Şüphesiz her toplumun temel yapı taşları bir takım değerlerden oluşur. Bu değerlerin kökleri kimi zaman bazı duygulara, kimi zaman ise bazı prensiplerin uygulama ve kurumsallaşmasına dayanmaktadır. Her halükarda, söz konusu değerler toplumların niteliğini belirleyici rol oynarlar.
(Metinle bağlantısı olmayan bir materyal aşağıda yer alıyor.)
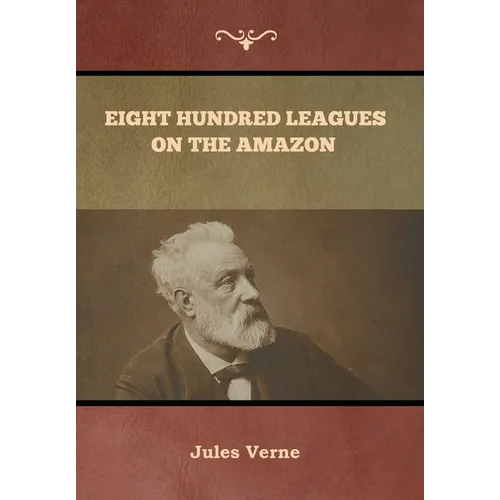Eight Hundred Leagues on the Amazon Jules Verne - Hardcover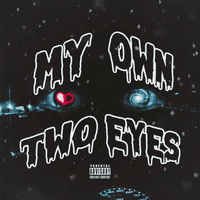 My Own Two Eyes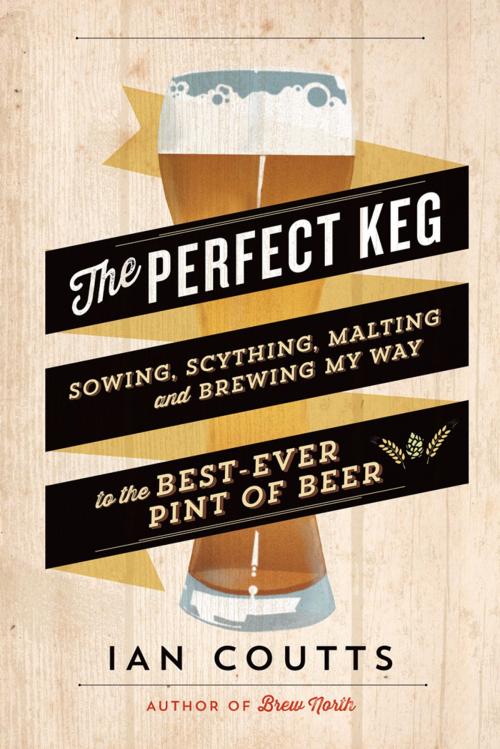Cover of the book The Perfect Keg by Ian Coutts, Greystone Books Ltd.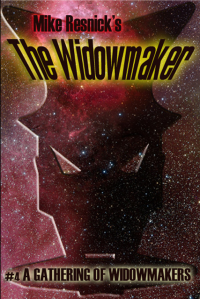 Mike Resnick — A Gathering of Widowmakers
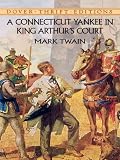A Connecticut Yankee in King Arthurs Court (Dover Thrift Editions)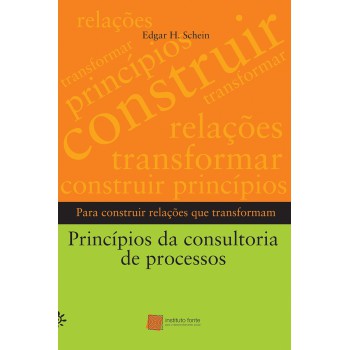 Príncipios Da Consultoria De Processos: Para Construir Relações Que Transformam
İslam dini, mensuplarından müteşekkil bir toplumun temel direğini imandan kaynaklanan “kardeşlik” prensibine, daha doğrusu bağına, dayandırmaktadır: “Müminler ancak kardeştirler. Öyleyse kardeşlerinizin arasını düzeltin ve Allah’tan korkun ki esirgenesiniz.” (Hucurat, 10)
Kardeşlik bağı muhakkak ki, kardeş olarak bildiğiniz ve kabul ettiğiniz kişileri kendinizden biri olarak görmeyi, dertleriyle dertlenip, sevinçleriyle mutlu olmayı, hadis-i şerifte de müslümanların özelliklerinden birine dair buyrulduğu üzere “kendiniz için istediğiniz bir şeyi onlar için de istemeyi” beraberinde getirir, en azından olması gereken budur. Bu öyle bir bağdır ki, yine Hz. Peygamber’in (S.A.V.) buyurduğu üzere, nasıl ki bir organımızda herhangi bir hastalığın ortaya çıkması diğer organlarımızı da etkiliyor ve onların sağlığını da bozuyorsa, bir müslümanın başına gelen sıkıntı aynı şekilde diğer müslüman kardeşini de etkiler ve üzer.
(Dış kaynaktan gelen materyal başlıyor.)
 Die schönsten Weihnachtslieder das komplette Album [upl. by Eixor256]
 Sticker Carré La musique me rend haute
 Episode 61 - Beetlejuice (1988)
Bahsettiğimiz bütün bu hususlara rağmen bugün için hem kendi toplumumuza hem de diğer müslüman toplumlara, kısaca İslam alemine baktığımızda gördüğümüz tablo hakikaten insanı üzüyor.
Öyle ki, kardeşlik bağlarıyla birbirine bağlanması gereken insanımız, bırakın bu bağı, insan olmanın gereği olan bazı hassasiyetlerden bile yoksun bir şekilde birbirinin kuyusunu kazmaya, canınına, malına, namusuna kastetmeye cüret edebiliyor! Yine insanımız, çeşitli gruplaşmaları, bu kardeşlik bağının da üstünde tutarak, “kendilerinden” olanları söz konusu gruplara dahil olanlar ve olmayanlar şeklinde ayırmak suretiyle, “-izm”ler veya “-ci”ler üzerinden toplumun bölünmesine sebebiyet verebilmektedir ki bu durum İslam aleminin en önemli problemlerinden biri haline gelmiştir. Üstelik iş, kendi grubundan olmayanların müslümanlıklarını, İslam’ın getirdiği esasların kabulünden ziyade “-izm”ler ve “-ci”ler üzerinden sorgulamaya kadar götürülebilmiştir.
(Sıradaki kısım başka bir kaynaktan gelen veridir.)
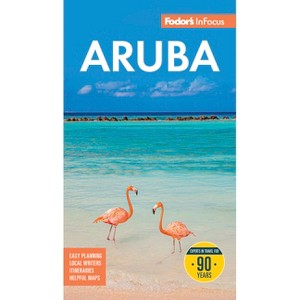 Fodor's InFocus Aruba - (Full-Color Travel Guide) 10th Edition by  Fodor's Travel Guides (Paperback) - 1 of 1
Daha da vahimi, kendi gruplarından olmayan diğer “kardeşlerinin” istismar edilmeleri, dolandırılmaları, haklarının çiğnenmesi adeta “meşru” kabul edilebilmiştir!
Tüm bunların neticesinde ise, İslam alemi, Kur’an’ın bizi uyardığı ihtilafların, karışıklıkların ve fitnelerin içine sürüklenmiş, ideallerden ziyade günü kurtarmanın derdine düşmüştür.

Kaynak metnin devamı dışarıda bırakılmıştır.